Maka Al-Kisa’i menghadap kepadanya dan bertanya:” apa pendapat Anda terhadap kalimat berikut (mana yang benar di antara kalimat berikut);
قد كنت أظن أن العقرب أشد لسعة من الزنبور فإذا هو هي،
(Saya telah menduga bahwa kalajengking lebih hebat sengatannya dari para Zunbur/kumbang. Ternyata sama saja)
ataukah
فإذا هو إياها؟
Sibawaih menjawab;
Yang benar adalah فإذا هو هي dan tidak boleh dinashabkan.
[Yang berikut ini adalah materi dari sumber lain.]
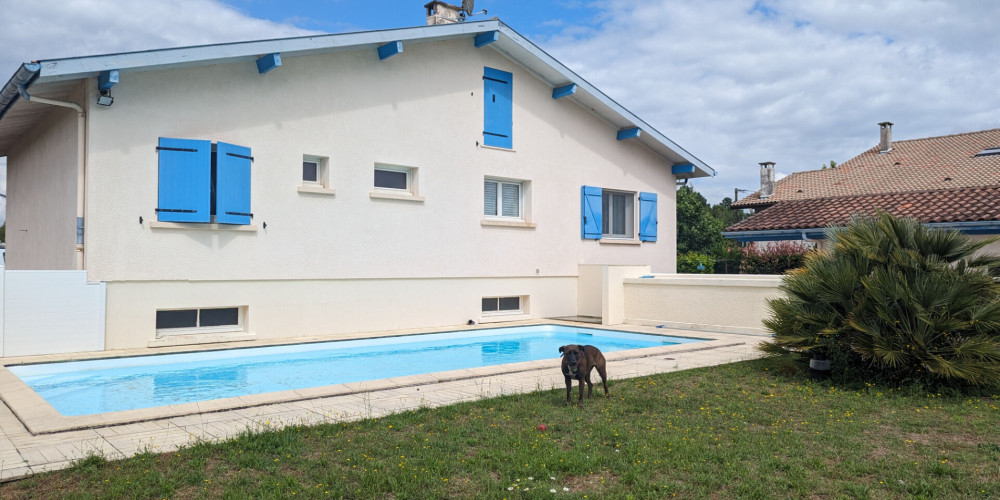 maison à MONT DE MARSAN (40000)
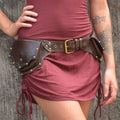 Cintura medievale in stile punk retro di Valstrend, con pouch in vita in pelle nera e dettagli in metallo.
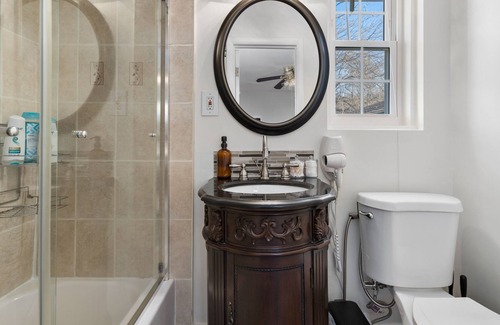 White Oak House | Spacious Getaway| 4BR QBEDS|12mi - DC+Attractions!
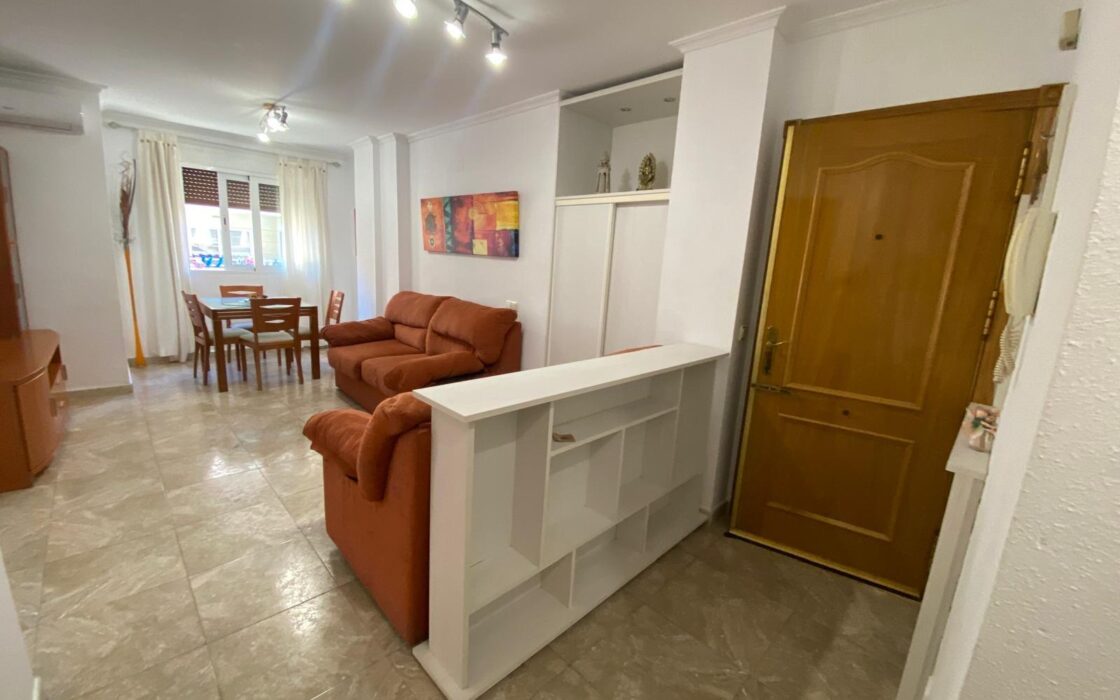 Апартаменты 76 кв.м в Торревьехе 700 м до моря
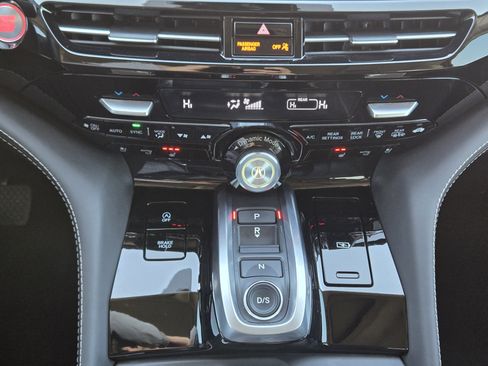 Certified 2023 Acura MDX SH-AWD w/ Advance Package image 19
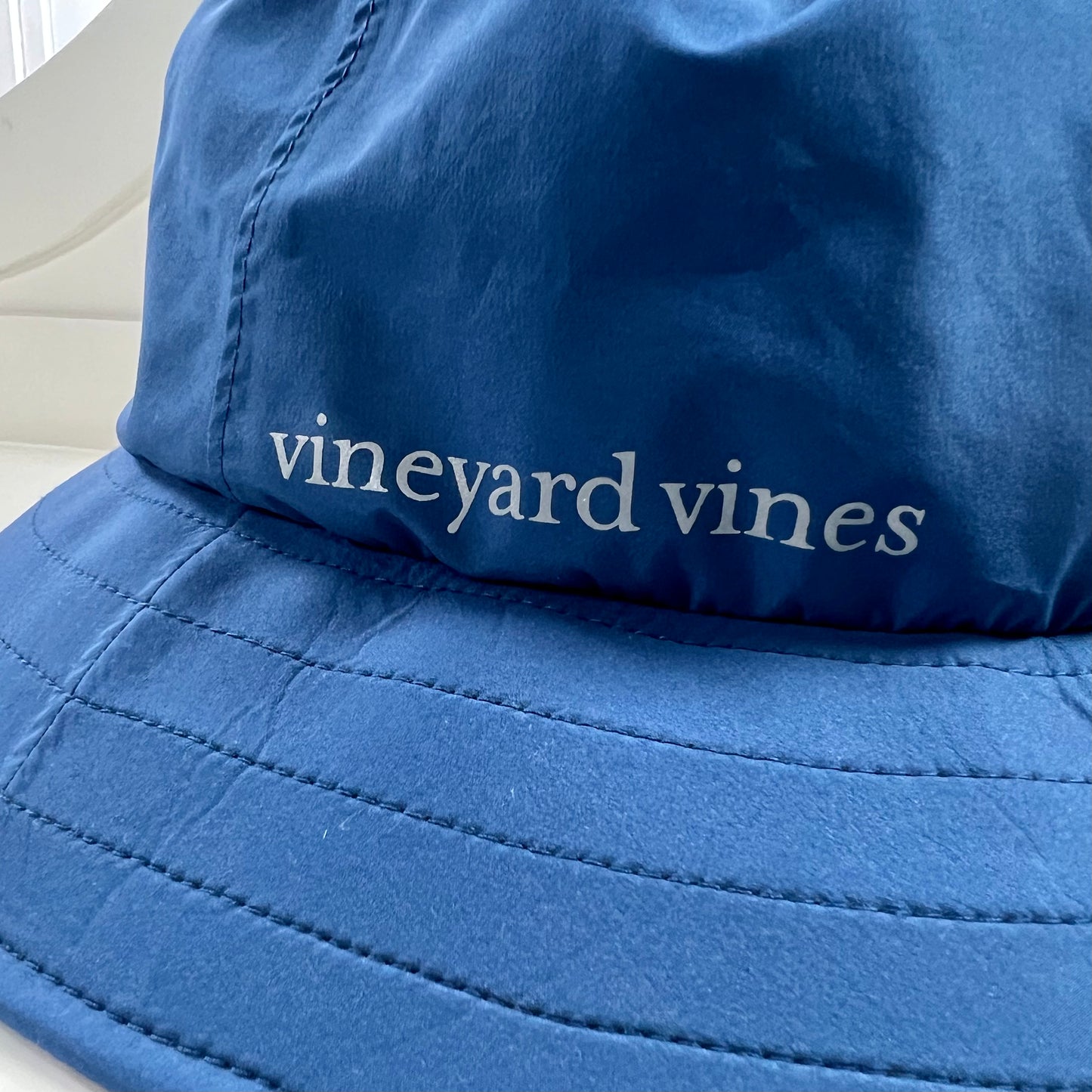 Sombrero Vineyard Vines 🐳 color Azul  Con protección solar Talla OS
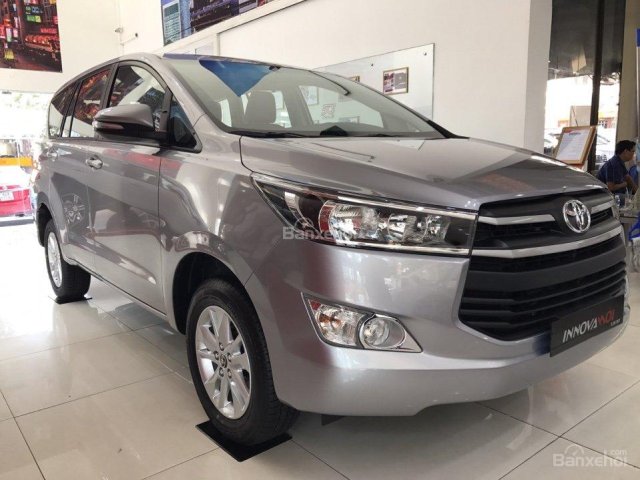 Toyota Innova 2.0E 2018 chỉ 170 triệu giao ngay, tặng full phụ kiện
Maka Al-Kisa’i berkata kepadanya: Anda telah melakukan Lahn (kesalahan berbahasa). Kemudian Al-Kisa’i menanyainya lagi dengan sejumlah kasus yang sejenis dengan pertanyaan sebelumnya seperti;
خرجت فإذا عبد الله القائمُ، أو القائمَ؟
(Aku keluar. Ternyata Abdullah berdiri)
Yang ditanyakan: mana yang benar, apakah القائمُ ataukah القائمَ ?
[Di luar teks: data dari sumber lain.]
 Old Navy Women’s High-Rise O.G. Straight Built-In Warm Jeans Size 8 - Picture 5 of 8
Semuanya dijawab oleh Sibawaih dengan jawaban Rafa’ bukan Nashab.
Al-Kisa’i membantah jawaban Sibawaih:
“Ini bukan bahasa orang-orang Arab. Orang-orang Arab merafa’kan itu semua dan juga menashabkan”.
Sibawaih membantah pendapat tersebut.
Yahya bin Khalid kemudian berkata:
“kalian telah berbeda pendapat, padahal kalian adalah panutan di negeri masing-masing. Lalu siapa yang bisa menjadi juri untuk kalian berdua?”
Al-Kisa’i berkata;
“Ini ada orang-orang Arab (Badui) di pintu Anda. Anda telah mengumpulkan mereka dari berbagai penjuru. Dan telah datang kepada Anda dari berbagai daerah. Mereka adalah orang-orang yang paling fasih. Penduduk dari berbagai kota telah bisa menerima mereka. Penduduk Kufah dan Basrah juga telah mengambil dalil ucapan dari mereka. Orang-orang Arab Badui ini datang, dan mereka menanyainya.”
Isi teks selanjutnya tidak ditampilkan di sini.